> [What to do]
How do the lines below between the ones holding "Buy 90835000 Pulley" and "Shelley English", inclusive, read? Give them again exactly, with no other lines.

Extracted records:
☆ ☆ ☆

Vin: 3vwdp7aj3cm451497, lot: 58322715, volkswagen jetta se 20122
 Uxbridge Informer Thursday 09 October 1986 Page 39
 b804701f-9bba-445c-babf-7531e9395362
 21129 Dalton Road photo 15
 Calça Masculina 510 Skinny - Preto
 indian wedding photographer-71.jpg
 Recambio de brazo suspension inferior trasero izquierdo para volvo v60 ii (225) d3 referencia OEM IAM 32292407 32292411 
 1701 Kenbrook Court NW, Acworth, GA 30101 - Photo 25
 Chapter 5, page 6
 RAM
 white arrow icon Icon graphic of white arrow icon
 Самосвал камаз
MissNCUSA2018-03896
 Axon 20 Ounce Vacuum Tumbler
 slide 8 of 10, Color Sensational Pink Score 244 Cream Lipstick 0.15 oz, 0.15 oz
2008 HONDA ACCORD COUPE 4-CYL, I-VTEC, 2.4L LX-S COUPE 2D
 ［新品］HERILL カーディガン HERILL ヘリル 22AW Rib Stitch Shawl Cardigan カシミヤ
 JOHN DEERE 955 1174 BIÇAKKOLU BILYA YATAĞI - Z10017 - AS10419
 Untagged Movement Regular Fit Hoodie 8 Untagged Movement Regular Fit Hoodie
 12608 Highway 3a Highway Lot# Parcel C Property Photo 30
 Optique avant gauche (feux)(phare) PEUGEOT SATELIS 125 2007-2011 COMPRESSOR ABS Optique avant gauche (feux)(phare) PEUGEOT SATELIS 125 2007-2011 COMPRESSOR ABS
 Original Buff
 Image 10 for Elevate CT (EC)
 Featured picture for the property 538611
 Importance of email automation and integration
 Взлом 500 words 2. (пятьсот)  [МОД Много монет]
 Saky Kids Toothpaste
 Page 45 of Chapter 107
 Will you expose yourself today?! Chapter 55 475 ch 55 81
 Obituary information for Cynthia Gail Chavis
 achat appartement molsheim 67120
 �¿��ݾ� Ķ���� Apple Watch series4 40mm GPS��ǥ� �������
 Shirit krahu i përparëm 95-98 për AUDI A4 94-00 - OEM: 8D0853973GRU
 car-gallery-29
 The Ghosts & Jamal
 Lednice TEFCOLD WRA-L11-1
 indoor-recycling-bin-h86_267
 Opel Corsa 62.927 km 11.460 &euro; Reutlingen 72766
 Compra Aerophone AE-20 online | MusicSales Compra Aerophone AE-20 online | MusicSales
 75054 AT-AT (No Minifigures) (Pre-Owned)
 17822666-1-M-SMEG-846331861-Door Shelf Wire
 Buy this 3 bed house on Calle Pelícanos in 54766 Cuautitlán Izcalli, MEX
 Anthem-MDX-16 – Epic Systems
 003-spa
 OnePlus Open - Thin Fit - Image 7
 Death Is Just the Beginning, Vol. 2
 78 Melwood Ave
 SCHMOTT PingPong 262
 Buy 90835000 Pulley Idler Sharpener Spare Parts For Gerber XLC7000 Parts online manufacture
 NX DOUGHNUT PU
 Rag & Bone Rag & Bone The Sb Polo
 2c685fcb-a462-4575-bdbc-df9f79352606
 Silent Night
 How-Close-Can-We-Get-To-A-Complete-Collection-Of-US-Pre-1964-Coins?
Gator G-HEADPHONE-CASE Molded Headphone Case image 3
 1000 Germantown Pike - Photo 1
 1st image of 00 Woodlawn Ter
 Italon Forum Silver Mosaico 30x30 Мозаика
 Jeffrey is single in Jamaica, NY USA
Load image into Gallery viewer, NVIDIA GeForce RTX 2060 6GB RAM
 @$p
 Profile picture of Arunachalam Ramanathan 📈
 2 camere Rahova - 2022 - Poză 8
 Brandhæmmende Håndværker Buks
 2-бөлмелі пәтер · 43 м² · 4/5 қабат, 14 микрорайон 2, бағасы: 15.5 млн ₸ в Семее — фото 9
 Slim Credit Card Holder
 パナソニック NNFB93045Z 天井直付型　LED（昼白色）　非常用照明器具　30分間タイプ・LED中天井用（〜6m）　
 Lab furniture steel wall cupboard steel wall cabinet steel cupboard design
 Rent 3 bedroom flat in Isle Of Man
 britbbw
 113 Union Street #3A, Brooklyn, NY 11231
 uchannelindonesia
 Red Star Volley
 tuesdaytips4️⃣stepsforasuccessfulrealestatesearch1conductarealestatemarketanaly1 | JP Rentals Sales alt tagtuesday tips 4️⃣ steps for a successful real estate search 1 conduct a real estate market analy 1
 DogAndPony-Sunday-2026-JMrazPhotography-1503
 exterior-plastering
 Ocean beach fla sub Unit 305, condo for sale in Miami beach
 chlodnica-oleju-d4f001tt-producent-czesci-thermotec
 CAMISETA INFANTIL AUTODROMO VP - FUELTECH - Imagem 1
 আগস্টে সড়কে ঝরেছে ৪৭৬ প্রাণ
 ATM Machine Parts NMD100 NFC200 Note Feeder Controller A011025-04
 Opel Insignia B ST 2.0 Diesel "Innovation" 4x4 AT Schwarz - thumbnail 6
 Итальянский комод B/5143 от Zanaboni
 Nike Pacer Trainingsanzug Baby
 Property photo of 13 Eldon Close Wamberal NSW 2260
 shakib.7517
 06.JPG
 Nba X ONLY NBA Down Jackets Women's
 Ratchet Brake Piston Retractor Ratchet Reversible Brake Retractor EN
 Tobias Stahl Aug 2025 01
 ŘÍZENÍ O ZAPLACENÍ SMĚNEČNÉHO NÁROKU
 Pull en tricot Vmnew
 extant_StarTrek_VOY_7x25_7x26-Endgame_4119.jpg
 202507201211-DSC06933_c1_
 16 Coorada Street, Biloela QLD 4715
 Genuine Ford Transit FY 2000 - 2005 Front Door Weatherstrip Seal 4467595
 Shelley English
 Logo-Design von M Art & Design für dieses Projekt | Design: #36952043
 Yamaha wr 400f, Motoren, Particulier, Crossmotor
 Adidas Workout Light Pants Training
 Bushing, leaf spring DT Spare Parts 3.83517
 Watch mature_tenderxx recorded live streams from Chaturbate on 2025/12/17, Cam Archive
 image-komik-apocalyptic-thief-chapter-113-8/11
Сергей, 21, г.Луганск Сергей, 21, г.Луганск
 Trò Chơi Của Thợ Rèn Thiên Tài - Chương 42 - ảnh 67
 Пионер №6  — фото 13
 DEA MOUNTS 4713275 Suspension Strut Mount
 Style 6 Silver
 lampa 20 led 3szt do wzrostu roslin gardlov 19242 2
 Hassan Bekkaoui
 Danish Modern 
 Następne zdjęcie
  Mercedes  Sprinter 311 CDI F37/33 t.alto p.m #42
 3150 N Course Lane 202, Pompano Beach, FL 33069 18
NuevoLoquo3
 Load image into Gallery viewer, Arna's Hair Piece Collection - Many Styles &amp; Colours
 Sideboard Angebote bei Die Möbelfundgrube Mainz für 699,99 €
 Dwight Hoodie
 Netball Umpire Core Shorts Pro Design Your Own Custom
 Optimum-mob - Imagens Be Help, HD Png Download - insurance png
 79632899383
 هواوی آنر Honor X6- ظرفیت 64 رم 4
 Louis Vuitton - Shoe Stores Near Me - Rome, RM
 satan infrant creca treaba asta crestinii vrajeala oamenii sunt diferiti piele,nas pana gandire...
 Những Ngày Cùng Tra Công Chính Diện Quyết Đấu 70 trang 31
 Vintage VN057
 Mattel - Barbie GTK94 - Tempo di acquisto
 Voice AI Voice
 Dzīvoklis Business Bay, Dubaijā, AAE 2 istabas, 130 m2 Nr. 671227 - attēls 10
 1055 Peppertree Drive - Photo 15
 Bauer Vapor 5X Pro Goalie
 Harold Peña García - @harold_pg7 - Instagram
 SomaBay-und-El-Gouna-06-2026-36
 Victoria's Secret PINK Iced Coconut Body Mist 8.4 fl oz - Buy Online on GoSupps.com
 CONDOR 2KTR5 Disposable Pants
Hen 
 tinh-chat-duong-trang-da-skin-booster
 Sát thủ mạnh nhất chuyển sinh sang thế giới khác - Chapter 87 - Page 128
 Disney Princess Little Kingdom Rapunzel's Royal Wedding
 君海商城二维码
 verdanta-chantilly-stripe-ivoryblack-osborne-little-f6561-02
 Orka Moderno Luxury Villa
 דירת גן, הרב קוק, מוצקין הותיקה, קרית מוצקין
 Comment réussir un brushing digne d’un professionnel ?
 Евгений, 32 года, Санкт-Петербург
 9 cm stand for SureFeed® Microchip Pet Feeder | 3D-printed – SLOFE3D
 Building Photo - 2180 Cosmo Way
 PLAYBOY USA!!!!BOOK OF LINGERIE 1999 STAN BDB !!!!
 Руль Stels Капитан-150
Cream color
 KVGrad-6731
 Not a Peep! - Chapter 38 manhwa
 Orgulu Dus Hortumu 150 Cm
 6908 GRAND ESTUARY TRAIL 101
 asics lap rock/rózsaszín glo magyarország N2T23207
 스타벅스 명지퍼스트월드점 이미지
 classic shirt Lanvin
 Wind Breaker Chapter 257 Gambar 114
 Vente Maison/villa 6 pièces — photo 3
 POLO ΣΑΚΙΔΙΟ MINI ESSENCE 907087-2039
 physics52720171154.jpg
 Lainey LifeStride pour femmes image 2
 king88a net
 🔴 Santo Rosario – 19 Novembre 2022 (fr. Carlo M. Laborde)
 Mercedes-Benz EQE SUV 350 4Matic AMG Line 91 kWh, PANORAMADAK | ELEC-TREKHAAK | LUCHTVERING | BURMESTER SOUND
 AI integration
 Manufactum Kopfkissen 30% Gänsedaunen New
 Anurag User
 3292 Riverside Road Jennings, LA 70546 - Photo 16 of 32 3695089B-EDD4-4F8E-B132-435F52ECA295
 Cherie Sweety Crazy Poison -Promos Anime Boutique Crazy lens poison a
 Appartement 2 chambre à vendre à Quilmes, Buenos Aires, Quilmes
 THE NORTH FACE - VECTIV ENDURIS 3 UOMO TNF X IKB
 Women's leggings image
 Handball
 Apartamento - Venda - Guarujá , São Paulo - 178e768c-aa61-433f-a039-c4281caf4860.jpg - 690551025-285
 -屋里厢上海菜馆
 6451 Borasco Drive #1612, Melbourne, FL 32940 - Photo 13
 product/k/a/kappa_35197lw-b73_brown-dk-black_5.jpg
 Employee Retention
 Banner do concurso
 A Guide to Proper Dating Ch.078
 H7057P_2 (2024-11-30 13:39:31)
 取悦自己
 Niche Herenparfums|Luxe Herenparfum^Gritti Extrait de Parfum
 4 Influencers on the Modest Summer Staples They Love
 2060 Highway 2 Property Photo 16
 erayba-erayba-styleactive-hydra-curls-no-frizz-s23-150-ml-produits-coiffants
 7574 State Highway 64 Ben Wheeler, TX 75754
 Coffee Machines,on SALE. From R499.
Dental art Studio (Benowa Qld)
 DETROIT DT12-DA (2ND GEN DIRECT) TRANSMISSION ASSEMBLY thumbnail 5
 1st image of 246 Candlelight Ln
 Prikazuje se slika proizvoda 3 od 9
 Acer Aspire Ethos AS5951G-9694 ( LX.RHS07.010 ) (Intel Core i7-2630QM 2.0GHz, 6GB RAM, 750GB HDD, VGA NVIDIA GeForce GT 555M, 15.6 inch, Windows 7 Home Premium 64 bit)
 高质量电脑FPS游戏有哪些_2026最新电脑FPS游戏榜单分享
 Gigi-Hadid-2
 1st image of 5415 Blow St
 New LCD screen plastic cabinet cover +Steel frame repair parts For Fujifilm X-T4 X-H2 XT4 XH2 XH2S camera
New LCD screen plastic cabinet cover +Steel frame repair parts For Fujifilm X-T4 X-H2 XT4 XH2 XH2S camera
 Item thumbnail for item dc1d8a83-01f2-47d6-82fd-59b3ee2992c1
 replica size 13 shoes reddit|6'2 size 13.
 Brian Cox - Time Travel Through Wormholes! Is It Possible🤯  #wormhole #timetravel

☆ ☆ ☆

> [Solution]
 Buy 90835000 Pulley Idler Sharpener Spare Parts For Gerber XLC7000 Parts online manufacture
 NX DOUGHNUT PU
 Rag & Bone Rag & Bone The Sb Polo
 2c685fcb-a462-4575-bdbc-df9f79352606
 Silent Night
 How-Close-Can-We-Get-To-A-Complete-Collection-Of-US-Pre-1964-Coins?
Gator G-HEADPHONE-CASE Molded Headphone Case image 3
 1000 Germantown Pike - Photo 1
 1st image of 00 Woodlawn Ter
 Italon Forum Silver Mosaico 30x30 Мозаика
 Jeffrey is single in Jamaica, NY USA
Load image into Gallery viewer, NVIDIA GeForce RTX 2060 6GB RAM
 @$p
 Profile picture of Arunachalam Ramanathan 📈
 2 camere Rahova - 2022 - Poză 8
 Brandhæmmende Håndværker Buks
 2-бөлмелі пәтер · 43 м² · 4/5 қабат, 14 микрорайон 2, бағасы: 15.5 млн ₸ в Семее — фото 9
 Slim Credit Card Holder
 パナソニック NNFB93045Z 天井直付型　LED（昼白色）　非常用照明器具　30分間タイプ・LED中天井用（〜6m）　
 Lab furniture steel wall cupboard steel wall cabinet steel cupboard design
 Rent 3 bedroom flat in Isle Of Man
 britbbw
 113 Union Street #3A, Brooklyn, NY 11231
 uchannelindonesia
 Red Star Volley
 tuesdaytips4️⃣stepsforasuccessfulrealestatesearch1conductarealestatemarketanaly1 | JP Rentals Sales alt tagtuesday tips 4️⃣ steps for a successful real estate search 1 conduct a real estate market analy 1
 DogAndPony-Sunday-2026-JMrazPhotography-1503
 exterior-plastering
 Ocean beach fla sub Unit 305, condo for sale in Miami beach
 chlodnica-oleju-d4f001tt-producent-czesci-thermotec
 CAMISETA INFANTIL AUTODROMO VP - FUELTECH - Imagem 1
 আগস্টে সড়কে ঝরেছে ৪৭৬ প্রাণ
 ATM Machine Parts NMD100 NFC200 Note Feeder Controller A011025-04
 Opel Insignia B ST 2.0 Diesel "Innovation" 4x4 AT Schwarz - thumbnail 6
 Итальянский комод B/5143 от Zanaboni
 Nike Pacer Trainingsanzug Baby
 Property photo of 13 Eldon Close Wamberal NSW 2260
 shakib.7517
 06.JPG
 Nba X ONLY NBA Down Jackets Women's
 Ratchet Brake Piston Retractor Ratchet Reversible Brake Retractor EN
 Tobias Stahl Aug 2025 01
 ŘÍZENÍ O ZAPLACENÍ SMĚNEČNÉHO NÁROKU
 Pull en tricot Vmnew
 extant_StarTrek_VOY_7x25_7x26-Endgame_4119.jpg
 202507201211-DSC06933_c1_
 16 Coorada Street, Biloela QLD 4715
 Genuine Ford Transit FY 2000 - 2005 Front Door Weatherstrip Seal 4467595
 Shelley English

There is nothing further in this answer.